Auch in Istanbul musste Erdogan einsehen, dass er eine empfindliche Niederlage zu verzeichnen hatte. Sein Kandidat Yildirim von der AKP wurde von seinem Gegner Imamoglu ganz klar geschlagen. Yildirim erhielt nur 45,1 % und Imamoglu die alles entscheidenden 54 %. Entlang der neuen Seidenstraße will China bis hinunter in Türkei etwa 30 neue Atomkraftwerke bauen. Ob das bis zum Jahr 2030 gelingt, ist ebenfalls stark zu bezweifeln. Wir befinden uns im größten politischen Umbruch in der Geschichte der Menschheit und dieser Vorgang wird sämtliche Pläne über den Haufen werfen.

Am 24. Juni 2019: Der gescheiterte Regimewechsel in Venezuela ist eine sehr schöne Fallstudie für ein untergehendes Imperium. Früher machte man dies quasi im Vorübergehen und heute kann man nicht einmal mehr ein wirtschaftlich schwer angeschlagenes kleines Land umkippen. Trumps Marshall Plan für den Nahen Osten mit 50 Milliarden Dollar wäre kurz nach dem Irakkrieg eine ganz gute Idee gewesen und damals hätte man sogar noch das nötige Kleingeld dafür gehabt, aber heute kommt das nicht nur viel zu spät, sondern auch noch zu einem völlig unpassenden Zeitpunkt. Eigentlich sollten sich die Verantwortlichen in Washington berechtigte Sorgen um ihr eigenes Wohlergehen und ihre Pläne von der Weltherrschaft zur Seite legen. Die USA sind noch weit von ihrer einstigen Größe entfernt und bräuchten eigentlich einen Marshallplan für ihr eigenes Land. Den Nahen Osten werden die Chinesen wieder aufpäppeln, wenn sie ebenfalls ihre Hausaufgaben gemacht haben.

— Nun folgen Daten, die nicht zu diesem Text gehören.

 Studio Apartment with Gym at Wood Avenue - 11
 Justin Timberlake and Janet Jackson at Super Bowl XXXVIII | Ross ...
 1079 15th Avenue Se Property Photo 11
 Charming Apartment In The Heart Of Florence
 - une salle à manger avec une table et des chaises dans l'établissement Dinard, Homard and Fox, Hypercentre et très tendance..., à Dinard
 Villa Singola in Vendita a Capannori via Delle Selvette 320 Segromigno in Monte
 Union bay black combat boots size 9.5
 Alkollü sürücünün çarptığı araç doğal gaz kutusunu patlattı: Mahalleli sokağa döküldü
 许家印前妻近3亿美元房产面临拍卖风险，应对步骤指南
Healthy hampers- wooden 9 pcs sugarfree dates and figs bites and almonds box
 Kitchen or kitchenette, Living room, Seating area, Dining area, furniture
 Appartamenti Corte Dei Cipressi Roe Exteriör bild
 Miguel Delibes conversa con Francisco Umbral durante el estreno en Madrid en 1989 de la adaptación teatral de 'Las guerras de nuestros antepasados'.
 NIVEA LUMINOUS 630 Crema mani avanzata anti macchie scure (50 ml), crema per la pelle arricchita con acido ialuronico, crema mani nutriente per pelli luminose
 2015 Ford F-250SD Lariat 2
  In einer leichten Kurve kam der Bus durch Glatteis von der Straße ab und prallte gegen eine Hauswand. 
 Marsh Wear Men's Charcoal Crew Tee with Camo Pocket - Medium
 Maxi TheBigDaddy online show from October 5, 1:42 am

Der Gesamtmarkt der Kryptowährungen erhöhte sich über das Wochenende leicht auf 328 Milliarden Dollar. Der Bitcoin kostet deshalb heute 10.945 Dollar, Ethereum ging auf 309 Dollar hinauf und der Litecoin sank auf 136 Dollar ab. Silber ist mit 434 Euro pro Kilo noch immer eine günstige Gelegenheit und Gold befindet sich mit 1.409 Dollar weiterhin im Krisenbereich. Der WTI-Ölpreis stieg mit 57,87 Dollar pro Fass weiter moderat an. Er könnte in einem echten Krieg mit dem Iran schnell über 100 Dollar ansteigen und damit die stotternde Weltwirtschaft weiter abwürgen. Das wird aber nicht mehr geschehen, weil die USA dann ganz schnell wirtschaftlich und militärisch ihre Unterlegenheit unter Beweis stellen würden. Ähnlich wie beim Austritt der Briten wird es wohl auch beim Grund für die große Krise keine längeren Verhandlungen mehr geben. Man geht es wie in Venezuela einfach an, weil Nichtstun noch viel kontraproduktiver wäre. Der Ausgang ist dabei aber allen Beteiligten von vorneherein klar: Was schiefgehen muss, das wird auch daneben gehen. Stellen Sie sich deshalb schon einmal auf ein komplett anderes Leben ein.